INEFFICIENT INDUSTRIES. Even during the best of times, labor-intensive industries like the textile, shoe and watch manufacturers usually have low productivity. If left to survive on their own, many companies in those industries could not compete against foreign producers. For political reasons, however, a number of low-productivity industries are kept afloat by tariffs and import quotas.

CAPITAL LAG. Once the world's most modern industrial nation, the U.S. has lost that distinction--at least in such industries as steel and shipbuilding--to countries that had to rebuild almost totally after World War II. Moreover, the rate of increase in U.S. industry's investment in research and development is at least being matched by competitors, especially Japan.

DRIVE AGAINST POLLUTION. The job of removing pollutants from automobile emissions, for example, is bound to lower carmakers' productivity simply because more workers are needed to install new equipment on each car. Yet that is hardly a reason for not cleaning up the air. Social commitments to environmental protection, product safety and even workers' leisure have qualified the concept of productivity far beyond its original definition--which was based on pure efficiency. The fact that the U.S. has decided that some "inefficiencies" are necessary only makes the job of getting rid of the unnecessary ones that much more important.
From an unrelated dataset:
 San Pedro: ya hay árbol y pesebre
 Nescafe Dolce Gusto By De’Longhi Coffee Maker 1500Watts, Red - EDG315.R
How can the U.S. become more productive? The most obvious way would be to eliminate most federal subsidies, so-called "fair trade" laws, union featherbedding practices and other protective devices that tend to impede efficiency. But these are long-term solutions at best, and they face high and hard political hurdles. More immediately, U.S. management should be experimenting far more daringly with ways to change basic methods of work in order to heighten employee enthusiasm. Among the more promising new experiments: the four-day work week and West Germany's staggered working hours, which give employees some choice about the times when they begin and finish work each day.

Manpower Training. To its credit, the Nixon Administration is trying many ways to boost productivity. Budget Chief George Shultz has called for the use of "productivity bargaining" in labor negotiations, tying wage boosts more closely to increased gains in output per man-hour. Since management will almost surely have to give labor a fat pay package in the current steel negotiations (see following story), the White House hopes that the companies will at least be able to win some reforms of work rules to stimulate productivity. President Nixon is also considering direct Government aid, in the form of subsidies or tax credits, to increase business research and development.

Business could become more productive if Congress restored the 7% investment tax credit that led to a boom in capital spending during the 1960s. New tax credits would make it easier for companies to buy such highly automated gear as "robot" machines that perform heavy or dirty jobs that few people want. Most important, Congress and private business would do well to spend much more on manpower training programs, particularly for the nation's blacks. M.I.T. Economist Lester C. Thurow calculates that if all the nation's blacks could get jobs that they are now capable of holding, their productiveness would lift the gross national product by 1%. And if blacks were trained up to the whites' average level of skills, the G.N.P. would rise by another 3%. By Thurow's reckoning, all that would cost the nation $80 billion in manpower training programs over the next several years. But it would increase the G.N.P. by at least $40 billion a year--which amounts to a most productive 50% return on investment in the first year alone.